Using anonymized smartphone data from nearly 10,000 police officers in 21 large U.S. cities, research from Indiana University finds officers on patrol spend more time in non-white neighborhoods.

“Research on policing has focused on documented actions such as stops and arrests – less is known about patrols and presence,” said Kate Christensen, assistant professor of marketing at the IU Kelley School of Business.

“Police have discretion in deciding where law enforcement is provided within America’s cities,” she said. “Where police officers are located matters, because it affects where crimes are deterred and what the public knows about crimes as they happen. Police presence can influence when and where crime is officially recorded.”

Christensen and her colleagues at University of California, Los Angeles; University of California, Irvine; and American University are the first to use anonymized smartphone location data to identify and study the movements of police officers while on patrol in America’s cities.

Their article, “Smartphone Data Reveal Neighborhood-Level Racial Disparities in Police Presence,” appears in The Review of Economics and Statistics, which is edited at the Harvard Kennedy School.

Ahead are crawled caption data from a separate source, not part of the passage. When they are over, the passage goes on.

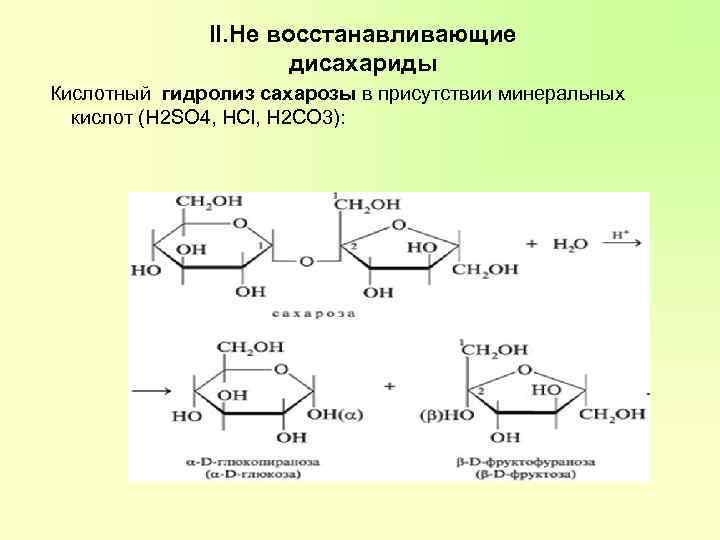 Схема гидролиза сахарозы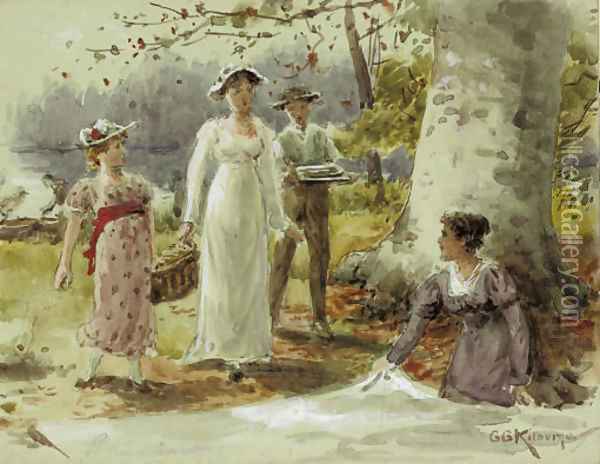 The picnickers Oil Painting - George Goodwin Kilburne
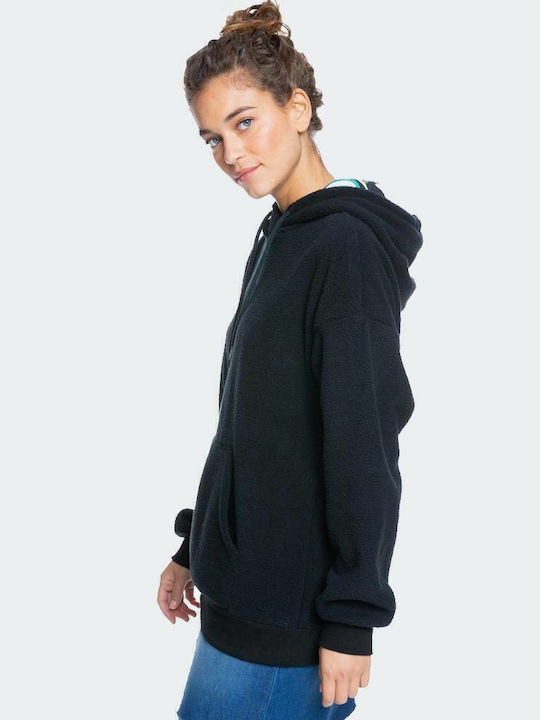 Call Me Χειμερινή Γυναικεία Fleece Μπλούζα Μακρυμάνικη με Κουκούλα Navy Μπλε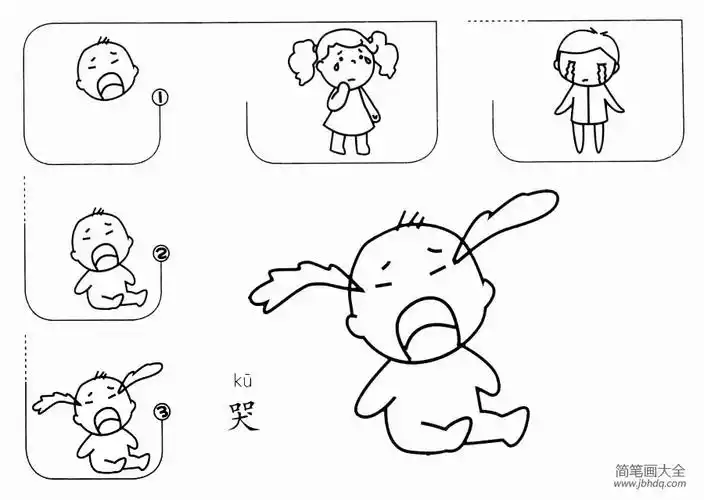 哭怎么画--简笔画大全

Few police departments collect detailed officer location data, and even fewer release it publicly. This analysis of smartphone GPS data allowed researchers to study where officers chose to spend their time, including when they were patrolling outside their cars.

Kate Christensen

GPS data revealed a strong correlation between racial and ethnic composition of a neighborhood and police presence.

“Our findings suggest that disparities in exposure to police are associated with both structural socioeconomic disparities and discretionary decision making by police commanders and officers,” researchers wrote.

On average, the research indicated that police spent:

  • 0.36% more time in neighborhoods for each percentage point increase in Black residents.
  • 0.52% more time for each percentage point increase in Hispanic residents.
  • 0.37% more time for each percentage point increase in Asian residents.

Variation in socioeconomic status, social disorganization and violent crime can explain:

  • 35% of the additional officer time spent in Black neighborhoods.
  • 33% of additional time spent in Hispanic neighborhoods.
  • All additional officer time spent in Asian neighborhoods.

When they combined police presence data with geocoded arrest data available for six cities – New York City, Los Angeles, Chicago, Dallas, Austin and Washington, D.C. – Christensen and her colleagues found that higher arrest rates of Black residents were connected to more officer time spent in Black neighborhoods.

“This neighborhood-level disparity persists after controlling for density, socioeconomic and crime-driven demand for policing, and may be lower in cities with more Black police supervisors – but not officers,” she said. “Patterns of police presence statistically explain 57% of the higher arrest rate in more Black neighborhoods.”

The researchers used data provided by Safegraph, which recorded “pings” indicating where smartphones are at a certain time. That information was linked to police station location data published by the Department of Homeland Security and geofence data provided by Microsoft. To identify patrol officers, the sample included phones used at 316 police stations in 21 cities between February and November 2017.